Niebywałe, kim jest żona Tomasza Wolnego. Co o tym myślą w TVP?
Tomasz Wolny już od długiego czas prowadzi “Pytanie na śniadanie” w TVP. Mimo tego, że jest bardzo rozpoznawalny, unika jak ognia bywania na salonach. Niewiele wiadomo o jego żonie, więc krąży na ich temat wiele plotek. Ostatnio katolicki magazyn “Dobry tydzień” ujawnił pewne tajemnice związane z dziennikarzem. Czego nie wiemy o Tomaszu Wolnym i jego żonie?
Niewiele osób wie kim jest żona Tomasza Wolnego
Tomasz Wolny to polski dziennikarz informacyjny, jeden ze współprowadzących popularnej śniadaniówki “Pytanie na śniadanie” a także prezenter “Panoramy”. Cieszy się dosyć sporą popularnością, jednak zaraz po skończeniu nagrań pędzi do swojej żony i dzieci .

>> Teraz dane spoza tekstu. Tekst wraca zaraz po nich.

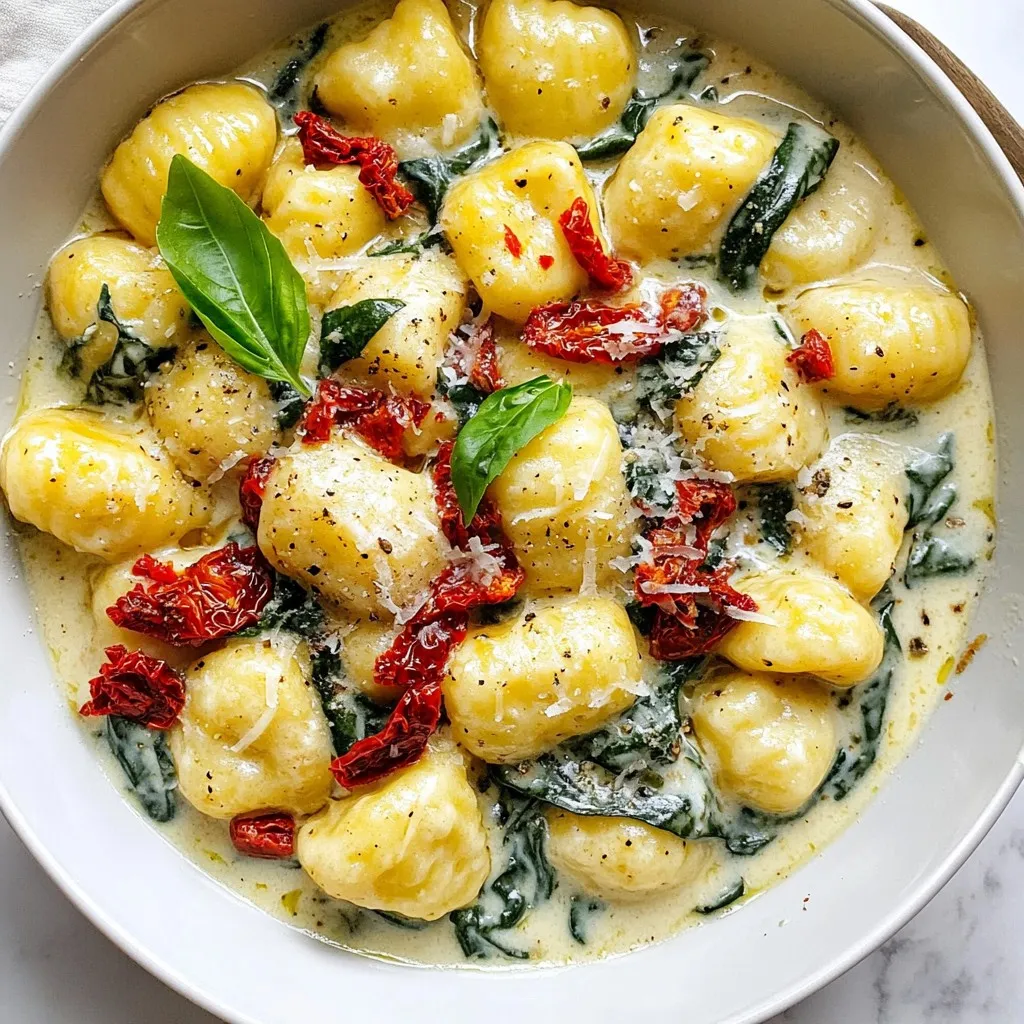 Sun-Dried Tomato Gnocchi Flavorful and Easy Delight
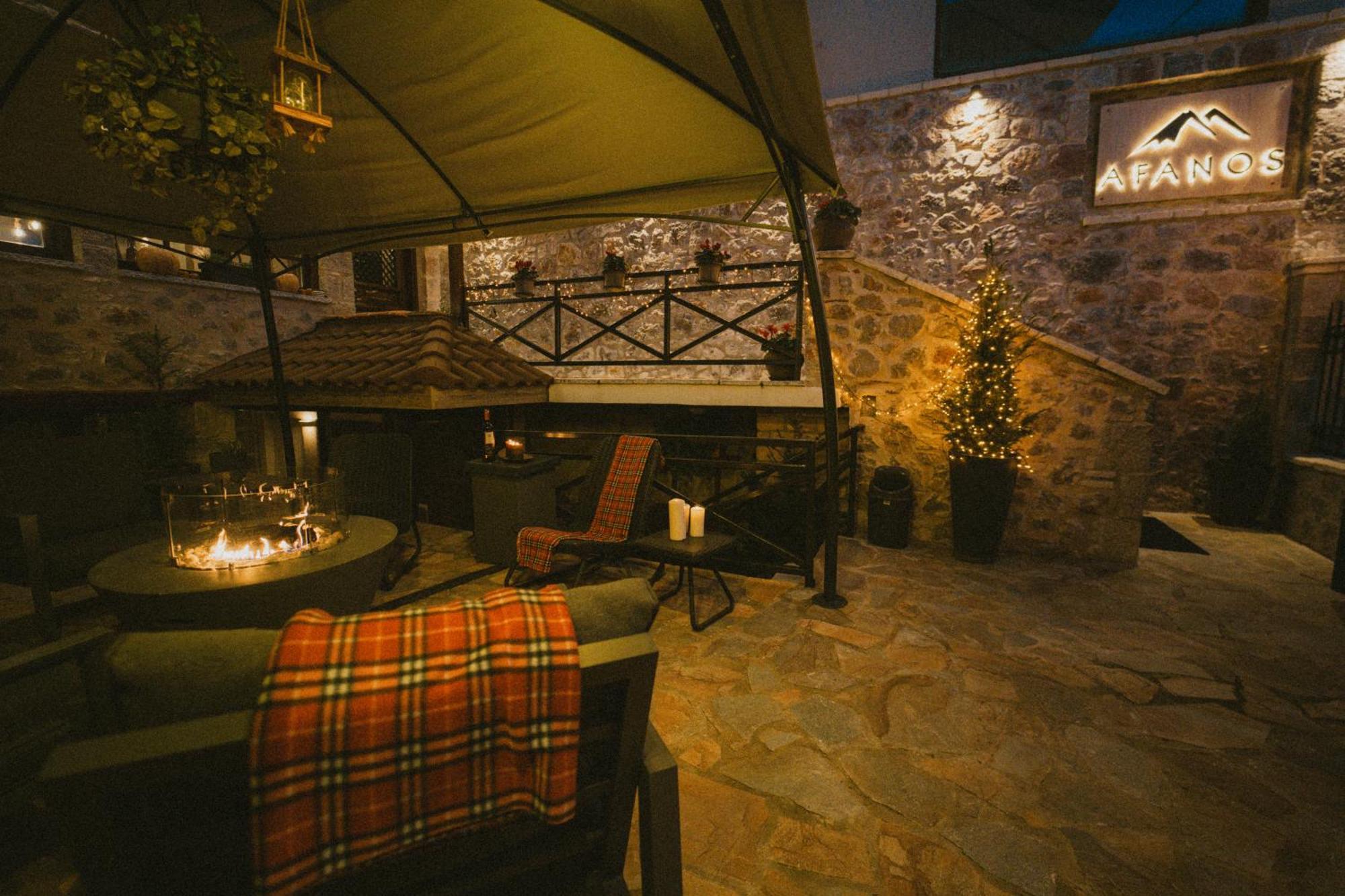 Afanos Guesthouse Арахова Екстериор снимка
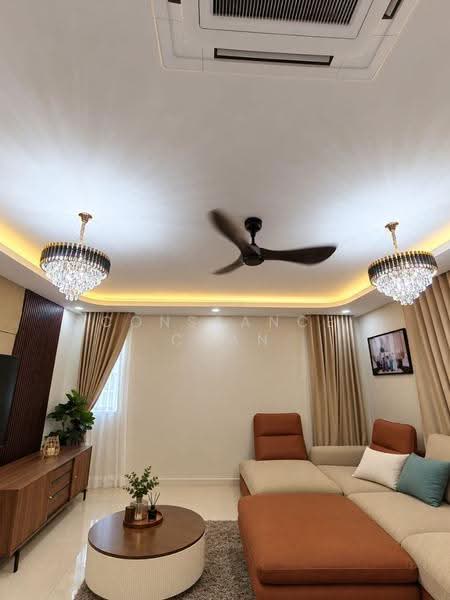 Cluster House for Sale in Eco Botanic (Iskandar Puteri (Nusajaya)) - Constance Chan - Living Room - PropertyGuru.com.my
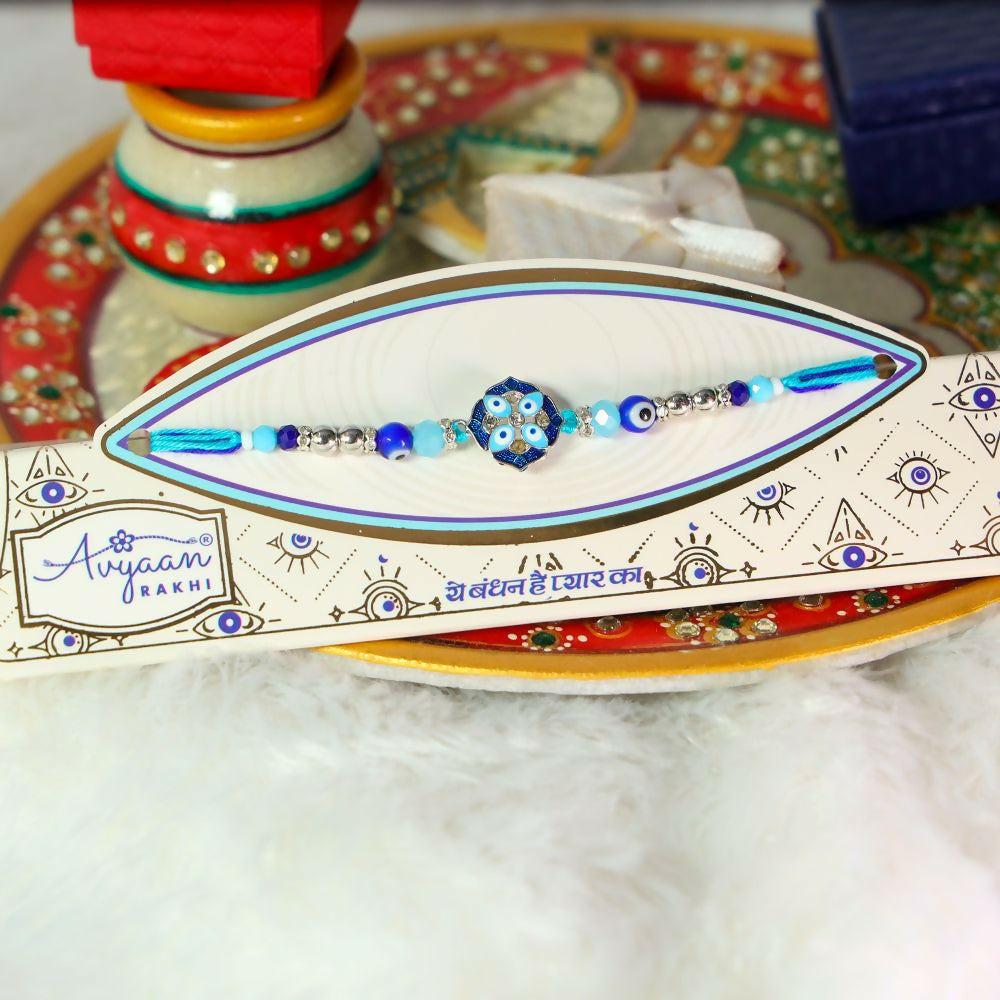 Indianvibez Evil Eye Pendant Rakhi | Grocsy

Para doczekała się trójki potomstwa , dwóch córeczek: Zosi i Halszki oraz synka Tymona. Dziennikarz podkreśla na każdym kroku, że rodzina jest dla niego najważniejsza i stawia ją zawsze na pierwszym miejscu. Kim jednak jest żona dziennikarza? Okazuje się, że mało osób zna ten fakt .
Żona Tomasza Wolnego również jest dziennikarką
Mało kto wie, że żona Tomasza Wolnego to dziennikarka Agata Tomaszewska . Są małżeństwem od 13 lat i idealnie do siebie pasują. Wiele osób może zdziwić fakt, że są tak zgodną parą skoro pracują w konkurencyjnych stacjach telewizyjnych . Żona Wolnego jest dziennikarką w TVN24, podczas gdy on sam pracuje w TVP.
Ta dwójka poznała się w pracy. Dziennikarz stawiał wtedy swoje pierwsze kroki jako redaktor strony internetowej TVN24, natomiast ona była już doświadczoną dziennikarką i prezenterką stacji. Nie pokazują się razem zbyt często.
- Nie wyobrażam sobie, gdzie mógłbym być bez niej. Gdyby nie Agata, to na pewno leżałbym i kwiczał, tylko pytanie, gdzie. Na pewno nie byłbym tutaj, gdzie jestem i na pewno nie w tej roli - wyznał Tomasz Wolny.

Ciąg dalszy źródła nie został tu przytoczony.